Mark Turpin, CEO of the HT Group in Austin, believes that while Austin is home to many talented people in tech, there would be a need to recruit from outside cities to fill all the jobs Amazon would bring. Turpin’s company helps to recruit specialized tech talent, and recently he’s felt that the Austin market has been stretched fairly thin.

“Many times we can fill the positions in Austin with Austin people, but there are also times that we have to go out of the city and relocate people to Austin,” Turpin explained. “I think with Amazon here that’s something we’ll have to look to in the future.”

Turpin said he believes getting the Austin workforce trained and educated to fill some of those roles will be a “necessary ingredient” to support a player like Amazon in town.

Fortunately for Austin, there are many places to get that extra education, including UT Austin’s Department of Computer Science. Currently 1,750 undergraduates and 250 graduate students are enrolled there. The university is working to expand enrollment to 1,900 students, that would make them the largest computer science department by enrollment among the top 10 CS programs ranked by US News.

Computer Science Department Chair Don Fussell said many companies go to his department to recruit, including Amazon. The top 10 companies that hire graduates from the department include big names like Facebook, Google, Microsoft, IBM and Amazon.

“We are one of the best computer science departments in the country, so there are some cities that don’t have the quality of students that we produce,” he said.

For the last 10 years his department has been growing and over the last several years enrollment has increased rapidly. Several years ago they had to start controlling their enrollment because they’d reached capacity.

“We’re trying to move in a direction that helps us teach the kinds of skills that are beyond programming skills that will help them in their careers,” Fussell explained.

He believes UT graduates could make a dent in filling some of those 50,000 potential jobs. “But that’s a large number and of course they’ll still be competing with lots of other institutions to hire our students,” he added.

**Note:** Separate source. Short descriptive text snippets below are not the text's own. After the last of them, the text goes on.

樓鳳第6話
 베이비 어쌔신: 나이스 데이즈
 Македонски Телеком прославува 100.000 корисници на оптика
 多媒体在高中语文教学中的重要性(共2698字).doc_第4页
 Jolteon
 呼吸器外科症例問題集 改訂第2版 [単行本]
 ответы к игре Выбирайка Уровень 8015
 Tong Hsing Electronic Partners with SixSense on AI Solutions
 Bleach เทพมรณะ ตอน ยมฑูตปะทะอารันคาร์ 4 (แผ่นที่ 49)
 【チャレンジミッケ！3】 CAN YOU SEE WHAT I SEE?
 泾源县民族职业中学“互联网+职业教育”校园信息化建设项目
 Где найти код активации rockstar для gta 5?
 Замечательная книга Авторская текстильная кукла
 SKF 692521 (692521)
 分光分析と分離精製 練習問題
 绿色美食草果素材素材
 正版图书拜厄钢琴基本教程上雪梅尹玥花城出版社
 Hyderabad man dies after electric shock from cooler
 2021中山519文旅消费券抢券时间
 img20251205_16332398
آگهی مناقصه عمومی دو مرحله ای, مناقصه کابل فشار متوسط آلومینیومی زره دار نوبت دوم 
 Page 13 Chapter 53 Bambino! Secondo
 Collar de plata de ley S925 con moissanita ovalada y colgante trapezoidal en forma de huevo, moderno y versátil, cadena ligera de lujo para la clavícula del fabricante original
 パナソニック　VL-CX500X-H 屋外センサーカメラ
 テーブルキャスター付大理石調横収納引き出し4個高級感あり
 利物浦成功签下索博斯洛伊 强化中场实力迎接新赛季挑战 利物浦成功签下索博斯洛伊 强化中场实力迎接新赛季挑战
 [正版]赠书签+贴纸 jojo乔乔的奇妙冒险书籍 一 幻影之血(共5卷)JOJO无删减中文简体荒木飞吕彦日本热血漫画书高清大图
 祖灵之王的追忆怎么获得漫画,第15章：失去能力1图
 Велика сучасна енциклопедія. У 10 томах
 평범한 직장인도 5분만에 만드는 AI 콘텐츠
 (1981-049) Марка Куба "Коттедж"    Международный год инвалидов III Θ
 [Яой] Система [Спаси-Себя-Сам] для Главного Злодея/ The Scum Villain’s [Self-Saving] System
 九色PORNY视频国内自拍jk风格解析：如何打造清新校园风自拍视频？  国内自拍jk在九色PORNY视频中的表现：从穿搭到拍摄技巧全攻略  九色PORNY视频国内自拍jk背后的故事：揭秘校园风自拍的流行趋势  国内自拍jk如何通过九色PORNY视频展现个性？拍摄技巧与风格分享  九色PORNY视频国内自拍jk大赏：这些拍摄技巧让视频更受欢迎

Fussell believes talent across departments at UT Austin could benefit Amazon and he thinks having Amazon in town wold be positive for the Forty Acres as well.

“Any time we do economic development in Austin, it benefits all of us, especially the university,” he said.

But with the prospect of added jobs, how well would Austin do at getting those people to and from their jobs? Ali Dadpay, professor of Economics at the School of Business at St. Edward’s University believes this move will have to come with an increase in infrastructure.

“Places like Dallas might offer more transportation infrastructure to them, but the good thing about Austin is we’ve been proactive about infrastructure and we’ll be thinking about it,” he said. “Other cities have to go out of their ways to accommodate Amazon, we are going in the same way, on the same path.”

Dadpay also believes that all of Austin’s higher education resources will be a draw for Amazon as well.

“It’s a natural fit from a workforce profile perspective,” said David Hughen, co-founder of Austin HR. Hughen added that the knowledge base in Austin seems to be able to support the kind of challenge a new Amazon headquarters will present.

Hughen added that in the Austin workforce at large — not just in tech — there is more work than need.

“The challenge is for whoever is responsible if Austin was to win the Amazon HQ2, there would have to be some real thought put into a partnership between the [Greater Austin Chamber of Commerce], firms like us and other partners associated with attracting and bringing talent, because most of the talent would not be in our midst,” Hughen explained, which is why continuing and higher education may be key for Austin’s success in this venture.

“If our solution is very thoughtful and creative, bringing up people on the fringe of skills and help them enter in,  then we are going to have a great story about opportunity in Austin,” Hughen said.

Amazon expects to decide on a final location for HQ2 at some point in 2018.